PROBLEM STATEMENT — Find the line with "Courbe de l'humidex pour Aniane (34)" in the data below. Repeat it and every line after it up to the end, exactly, but drop the pictures.

TASK DATA —
★ ★ ★ ★

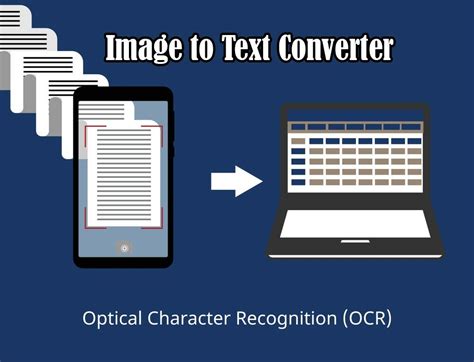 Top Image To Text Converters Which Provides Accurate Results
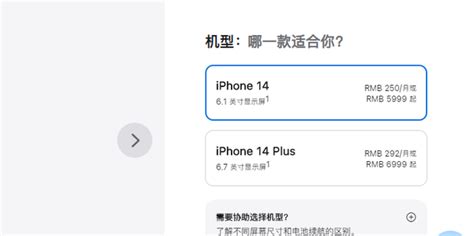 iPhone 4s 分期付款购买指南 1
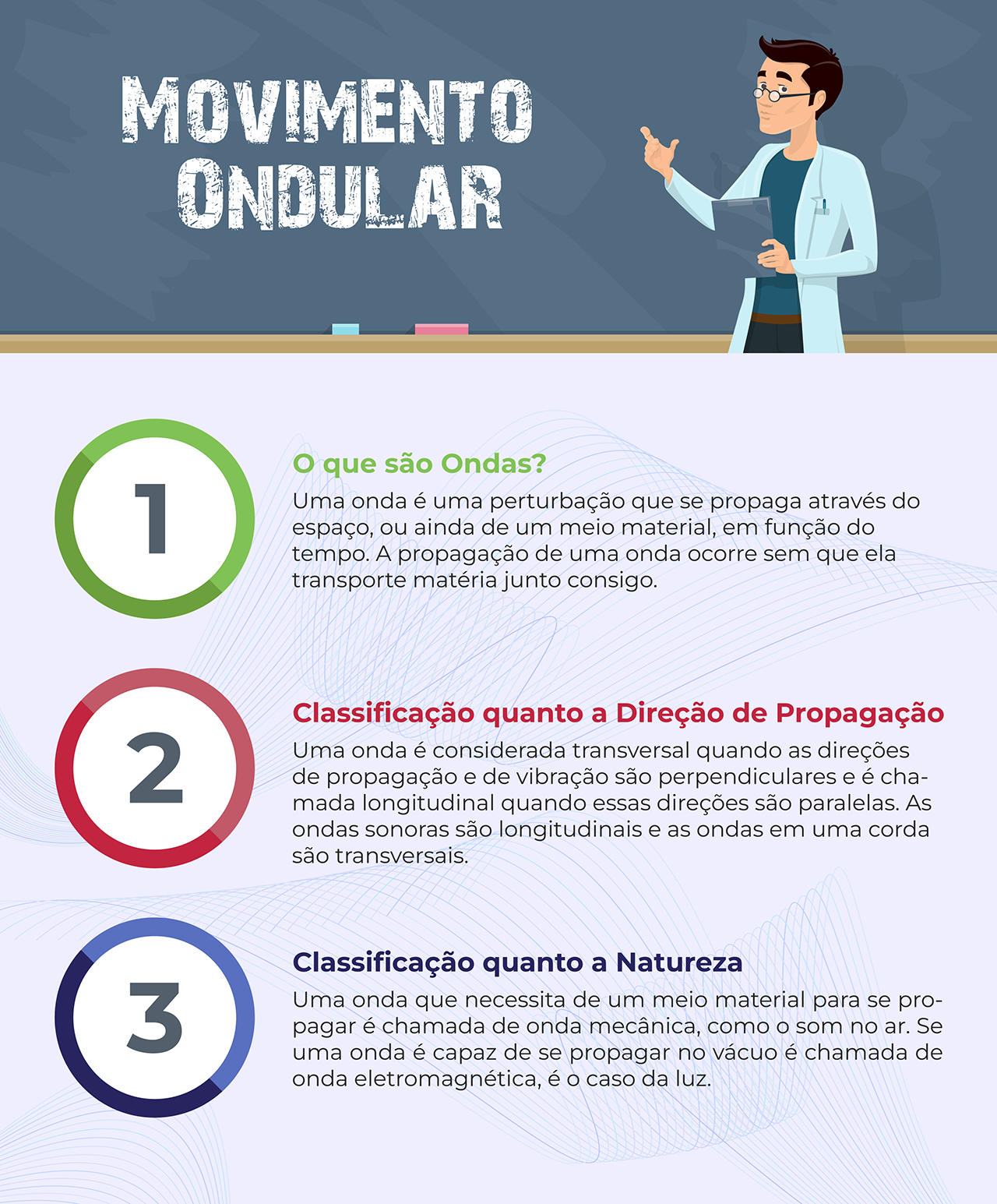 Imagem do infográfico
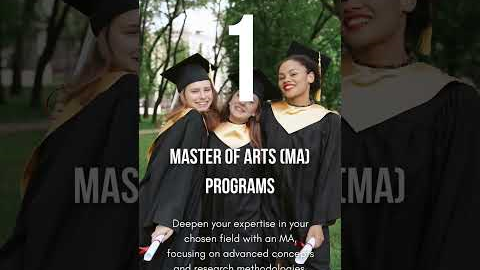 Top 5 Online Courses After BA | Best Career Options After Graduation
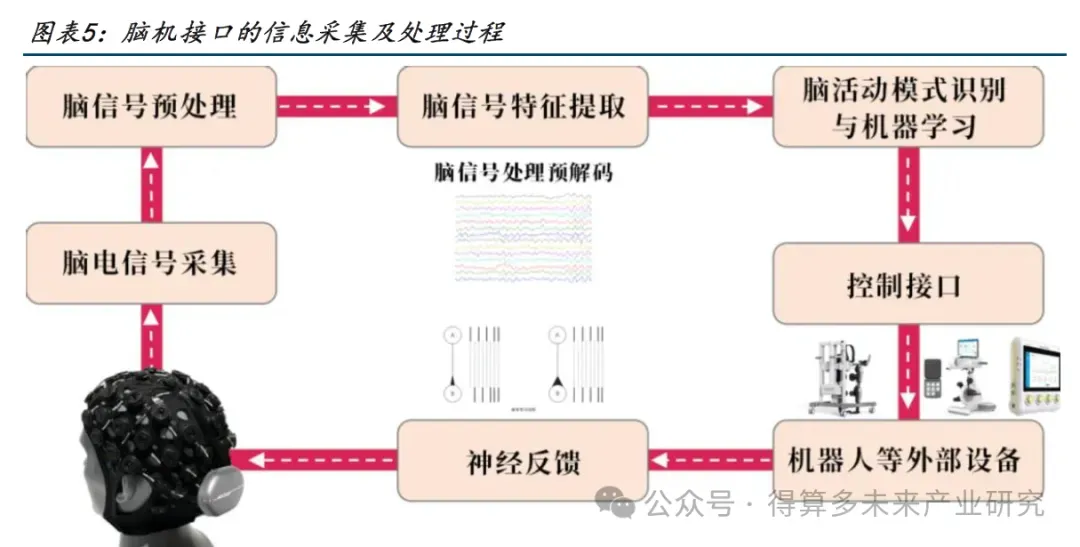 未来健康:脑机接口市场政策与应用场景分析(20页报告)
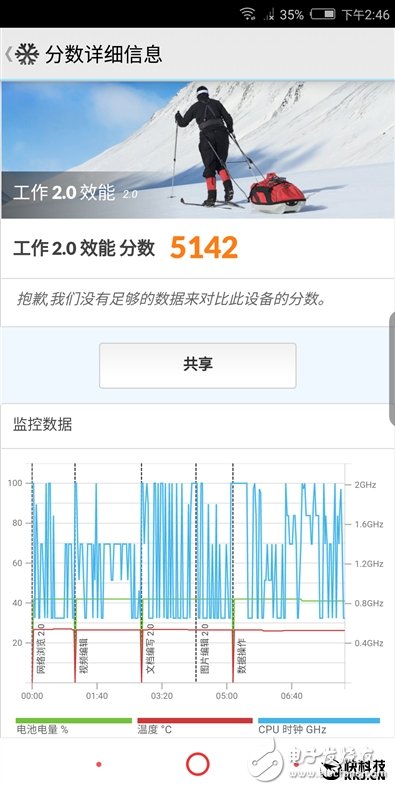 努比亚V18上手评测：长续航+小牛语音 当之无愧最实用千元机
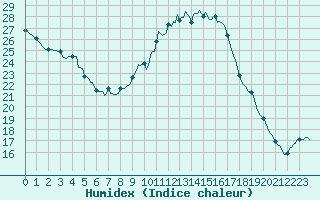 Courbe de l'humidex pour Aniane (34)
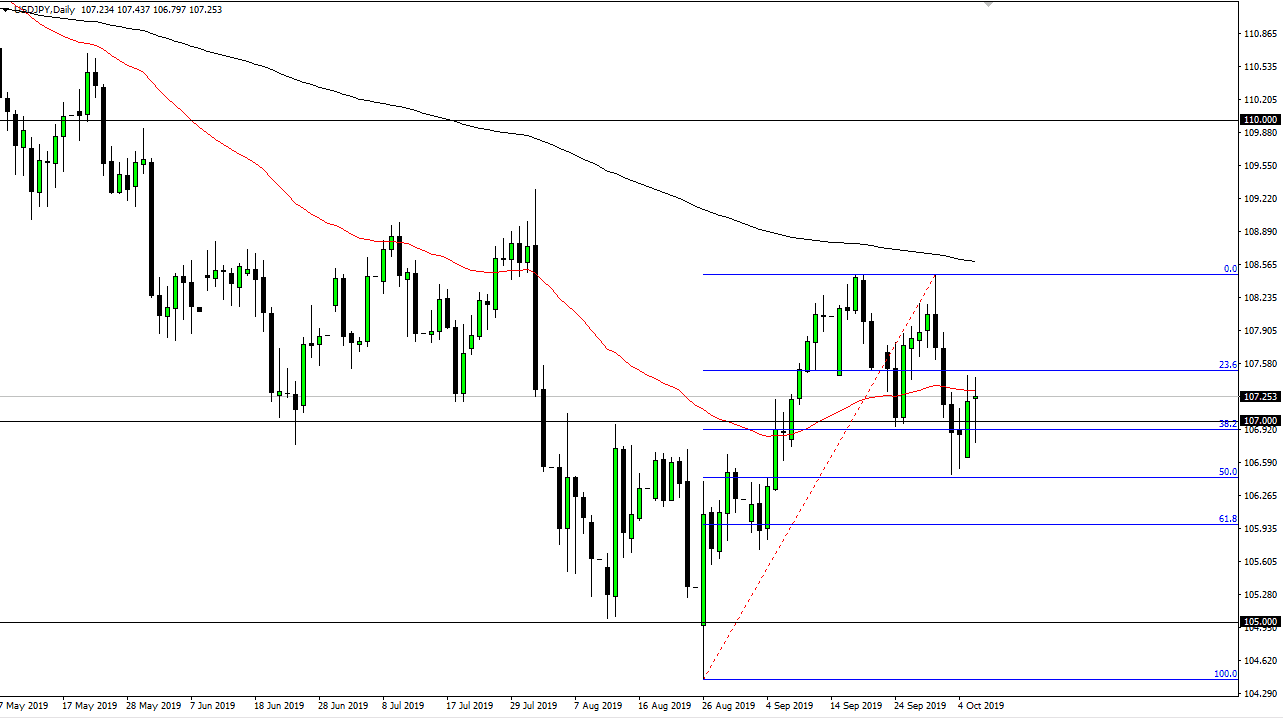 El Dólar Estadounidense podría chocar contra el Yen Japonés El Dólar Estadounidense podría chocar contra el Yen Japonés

★ ★ ★ ★

YOUR RESPONSE —
 Courbe de l'humidex pour Aniane (34)
 El Dólar Estadounidense podría chocar contra el Yen Japonés El Dólar Estadounidense podría chocar contra el Yen Japonés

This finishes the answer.